In 1476, several years before he took the throne, this Richard’s residence in the north made him the natural choice to escort the remains of his father Richard Duke of York (and those of his brother Edmund) south to be re-interred in the York family’s new mausoleum at Fotheringhay. It was more than fifteen years since they had died at the battle of Wakefield; when the duke’s head had been set on a spike, crowned with a paper crown, before the bodies were buried there in Yorkshire with (sounds familiar?) scant ceremony. But now the York dynasty held the throne, and the thing had to be redone, properly.

It took ten days, then, for the cortege to wind its way south: Richard III, by contrast, went only a few hours’ car journey before he was brought to Leicester cathedral yesterday. Then as now, even after the bodies had been received into the church where they would remain, the ceremonies went on for several more days.

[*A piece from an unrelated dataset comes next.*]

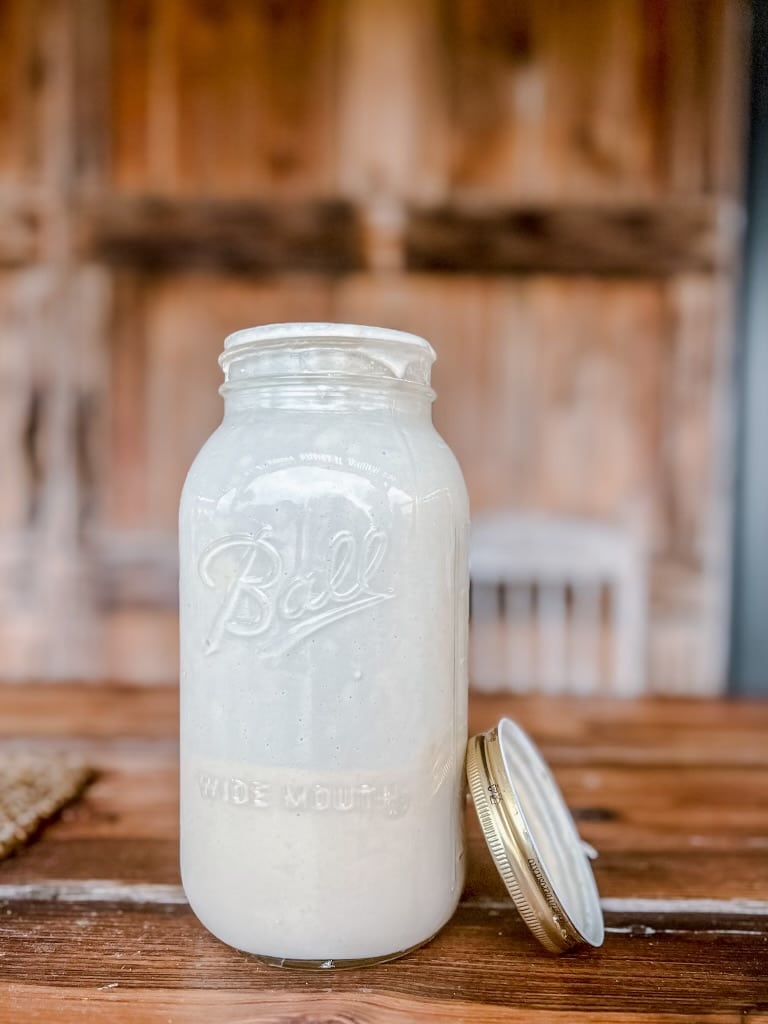 Ball canning jar with sourdough starter inside.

Then as now rich cloths were used to cover the coffin – great lengths of cloth of gold, then; and now that specially designed pall, with a crown atop it. Then, the dead duke’s knightly trappings – shield, sword, helmet – were born into the church by noblemen; though his horse was led only as far as the door. The suppliers’ bills still survive for the huge meals which in 1476 feasted all the neighbourhood; perhaps there’s some equivalent in the boom Leicester hope their new heritage centre will now bring to the town’s economy.

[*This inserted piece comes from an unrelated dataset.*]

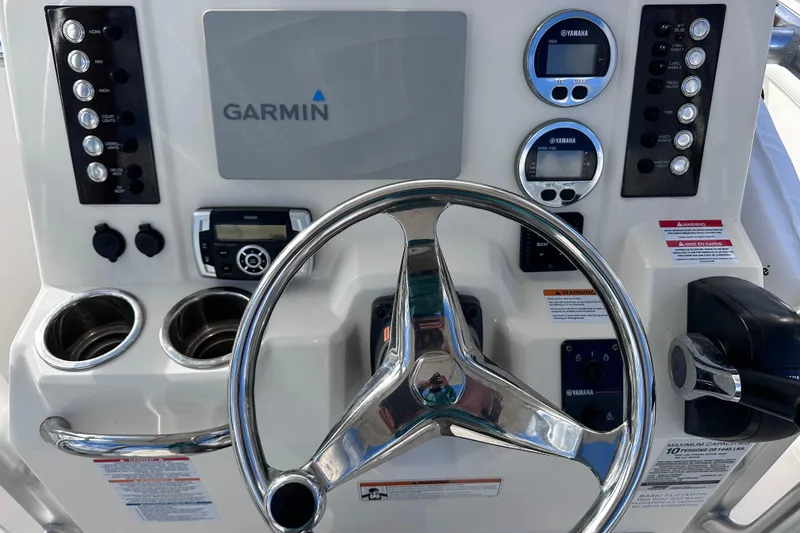 Slide: The Image of Control panel of 2019 Robalo R222 Explorer with Garmin display and Yamaha gauges. - 17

But the real echo has to to be this – that then as now, this was a party with a point. In 1476, the message sent was that the House of York were here to stay. (Yes, it would be less than a decade before Bosworth brought in the Tudors – but the Plantagenets didn’t know that, fortunately.) Today, for Ricardians, the message must be that Richard is free from the crimes of which he is accused – the murder of his nephews, particularly. But well beyond that, if you look at the media coverage, it seems everyone is trying to draw a lesson from this story.

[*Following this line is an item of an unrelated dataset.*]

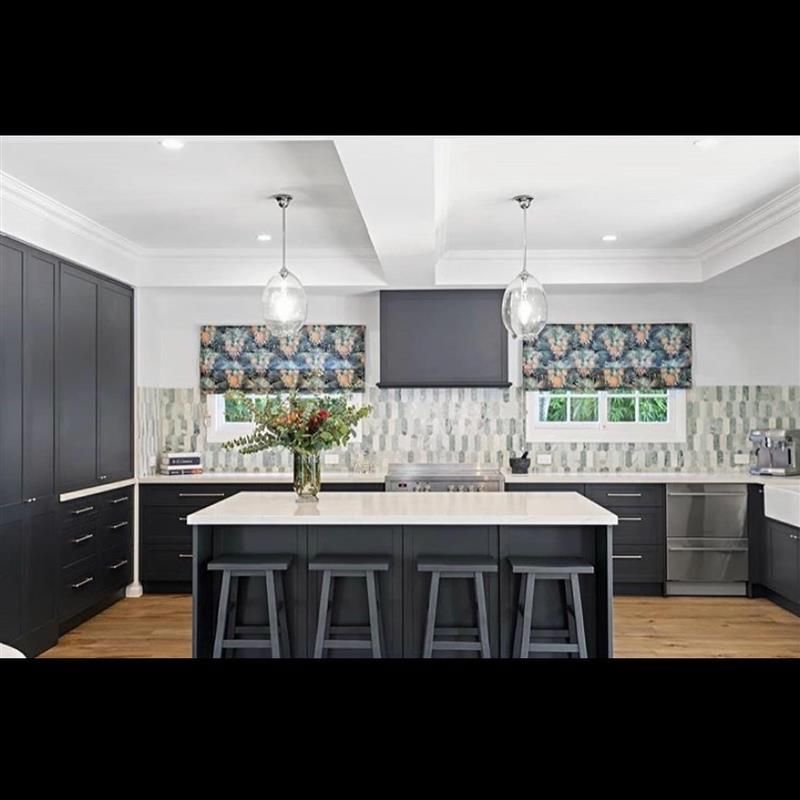 A kitchen with black cabinets and stools and a large island in the middle.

Is it about resurrection, is it about justice? Or just about celebrity? Is it about the historical inaccuracy of Shakespeare’s portrayal – or about his right to portray the most lurid figure of his fantasy? Is it even about links between cultures? – so yesterday’s reporters seemed to be trying to suggest in Leicester; that most multi-racial of cities. But I’d say that from yesterday’s pageantry, there is just one lesson that doesn’t go away.

Silly? Yes, in one sense the flowers and fuss were silly. Richard III has been dead 530 years, so there were no close relatives on hand to be comforted this way. But the newspapers certainly got swept along – ‘Richard III comes home at last’, proclaimed the Guardian (who should know better) the next day.

In what sense Leicester could be considered Richard’s home, of course, is hard to see. Middleham, Fotheringhay, York, maybe. (Home into the bosom of the church, perhaps – for he was a devout man; albeit that this church is not the church of his own day.) But if you ignore the question of the venue – and Leicester, having dug him up, were never going to let Richard go – then it was oddly touching to see the huge efforts made to give these dry bones what their owner might have wanted. The fifteenth century Vulgate on the coffin and the rosary within it; the Catholic archbishop to give the sermon at the ceremony.

Months back when the scientific work was concluded – when we heard details of the blows that killed Richard, of the ‘insult injuries’ inflicted on his body – the effect was to show this most controversial of monarchs as a bleeding, vulnerable man again. ‘Our brother Richard’, as the priests said yesterday. For me, that ceremony drove home the message – not of Richard’s guilt or innocence in the crimes of which he is accused; but simply of his humanity.